---
title: Understanding files 101
date: 2020-11-21
tags: [code]
description: One of the basics that is often overlooked is a general knowledge of common file types. So this is what this article is about. After reading this you will have a basic understanding of what any file is and how you might be able to interact with it.
---

One topic that seems to always stay relevant to me is the divide between
software developers and regular users. The common approach seems to be that
regular users are not trusted to understand many fundamental ideas of computers
and therefore get very limited apps compared to the power tools that are used
by developers. This approach of course only widens the divide.

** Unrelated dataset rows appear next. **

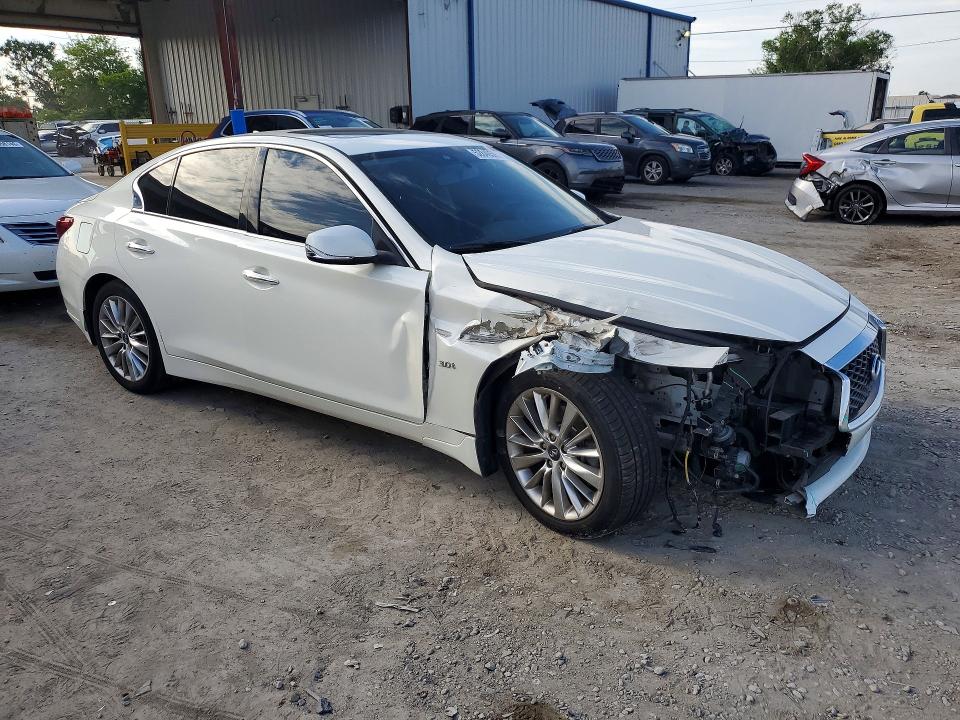 52840596 :رقم المزاد ، JN1EV7AP6KM516146 vin ، 2019 Infiniti Q50 مزاد بيع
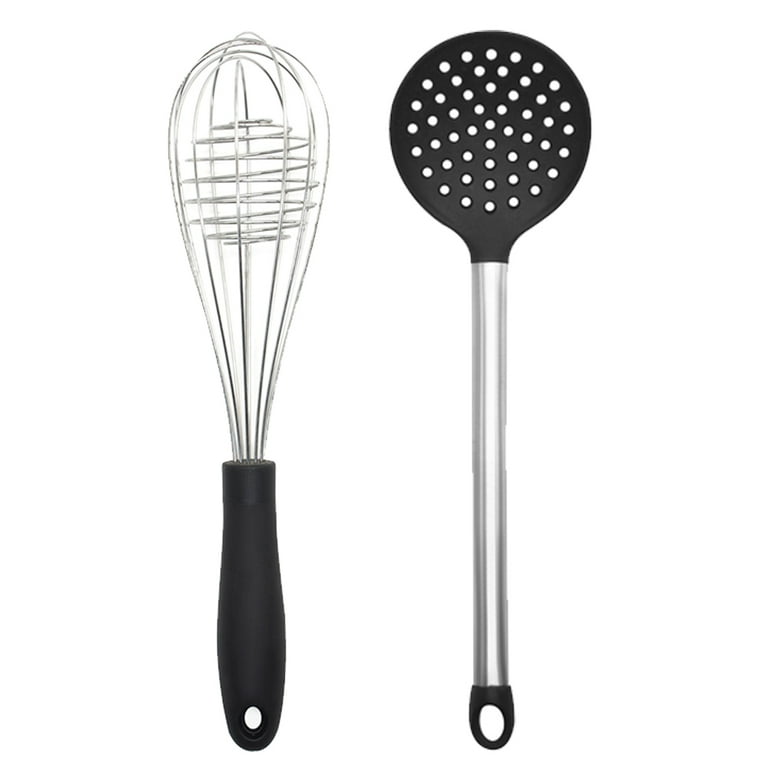 2PCS Silicone Kitchen Utensil Set Non-Toxic And Non Stick Cookware,  BPA-free Safety Kitchen Utensils Set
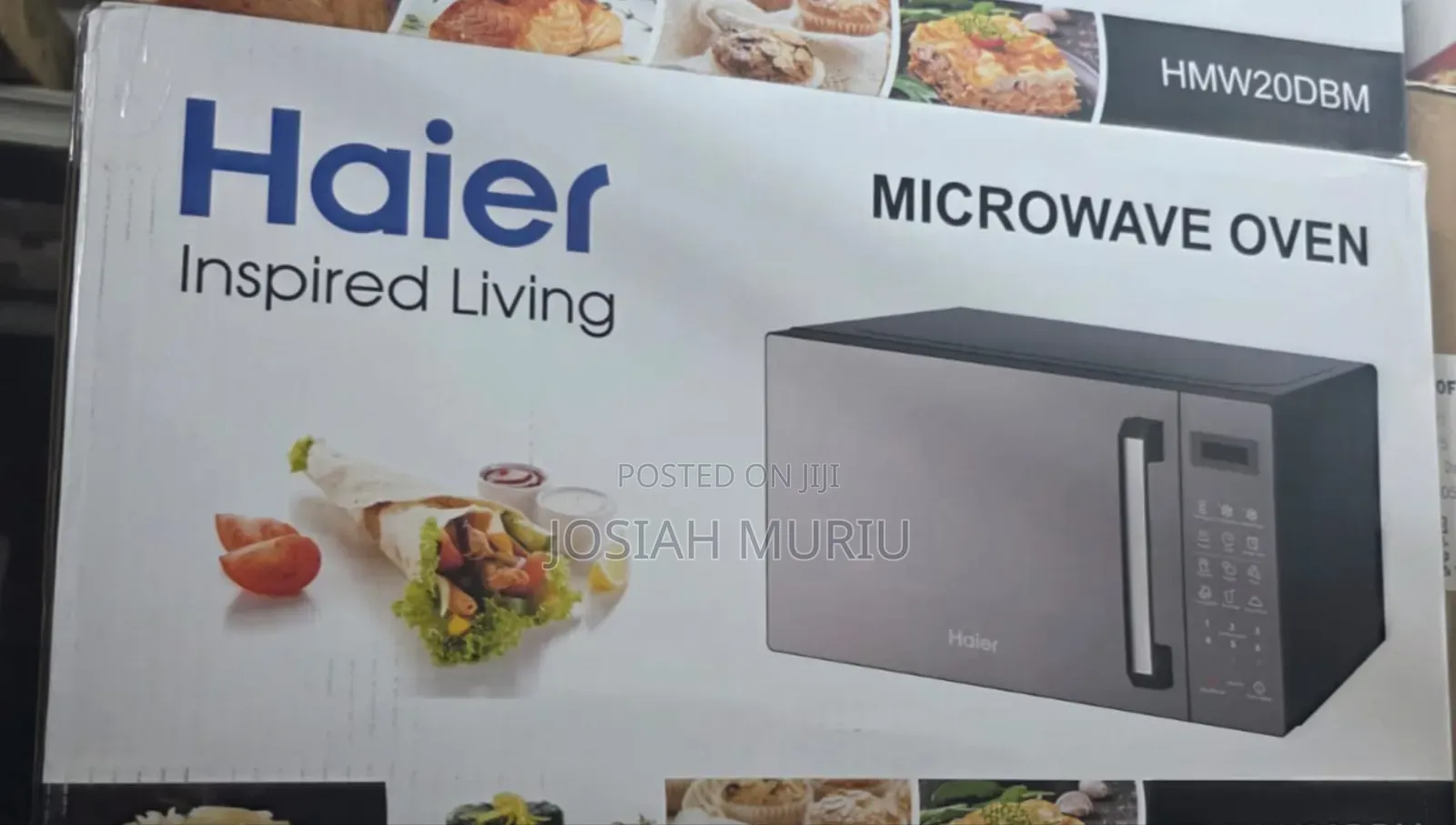 Haier 20L Microwave Oven – Fast & Easy Cooking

On the other side of that argument we get something like
[code.org](https://code.org/) which is trying to teach kids how to code, but
doing so in a toy environment which is completely detached from reality.

I personally believe that we should concentrate on the basics that can be
applied in everyday life. If people know how to look up something on the
internet they can teach themselves. If people know how to use right click
menus or common keyboard shortcuts or browser tabs they can complete their
tasks much more efficiently. Teach a man to fish and all that.

One of these basics that is often overlooked is a general knowledge of common
file types. So this is what this article is about. After reading this you will
have a basic understanding of what any file is and how you might be able to
interact with it.

## A file is not a program

Before I get into it, I have to clear up a common misconception:

Files are often associated with programs. We say things like "Word file",
"Excel file", or "Photoshop file" and we expect that the respective program
will launch when we double-click such a file.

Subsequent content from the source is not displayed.